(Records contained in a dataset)
# # # # # # #
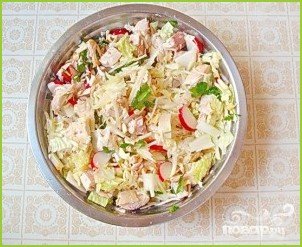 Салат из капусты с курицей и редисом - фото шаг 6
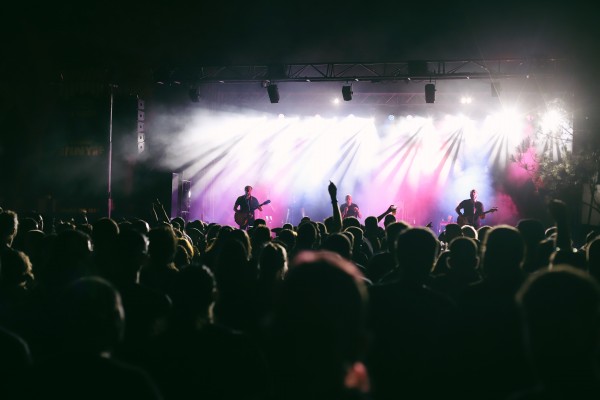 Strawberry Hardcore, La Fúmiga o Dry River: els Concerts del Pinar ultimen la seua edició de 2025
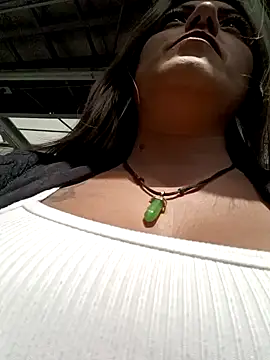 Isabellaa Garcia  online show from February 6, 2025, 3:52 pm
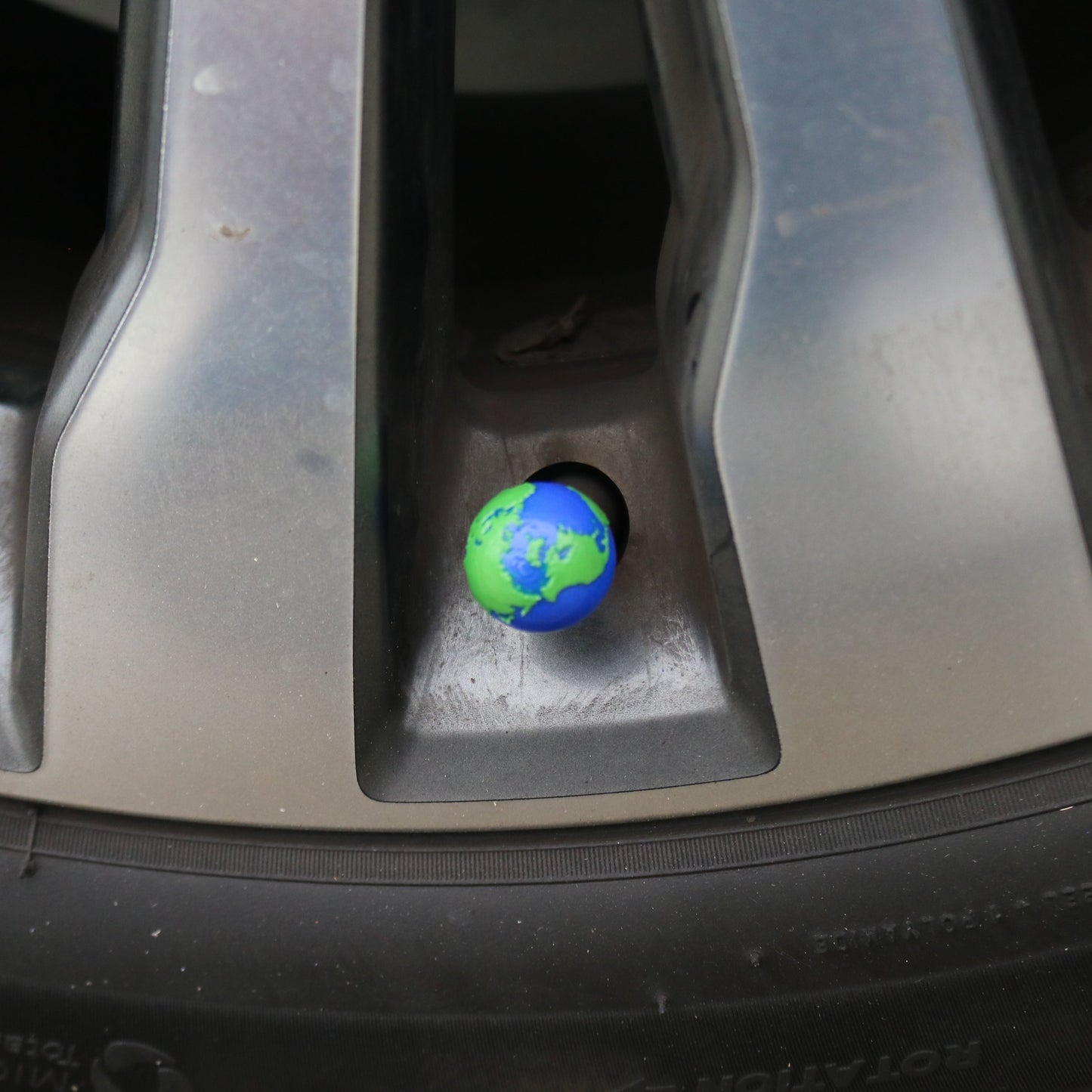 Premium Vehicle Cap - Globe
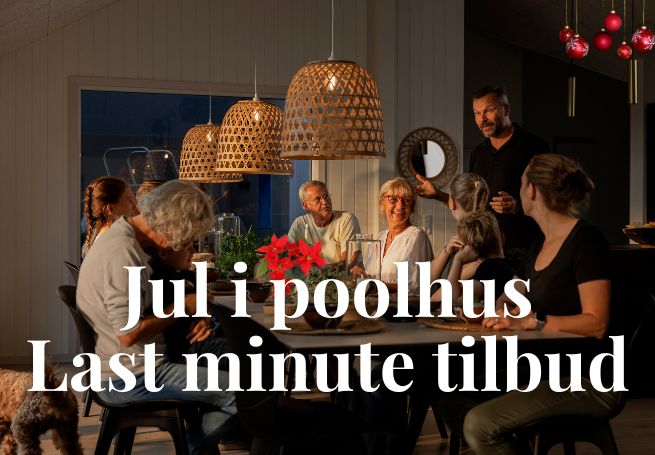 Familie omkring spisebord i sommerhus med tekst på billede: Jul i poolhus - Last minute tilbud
# # # # # # #
- Assigned task
Apart from the images, every line above needs to be printed again exactly.

- Exercise solution
 Салат из капусты с курицей и редисом - фото шаг 6
 Strawberry Hardcore, La Fúmiga o Dry River: els Concerts del Pinar ultimen la seua edició de 2025
 Isabellaa Garcia  online show from February 6, 2025, 3:52 pm
 Premium Vehicle Cap - Globe
 Familie omkring spisebord i sommerhus med tekst på billede: Jul i poolhus - Last minute tilbud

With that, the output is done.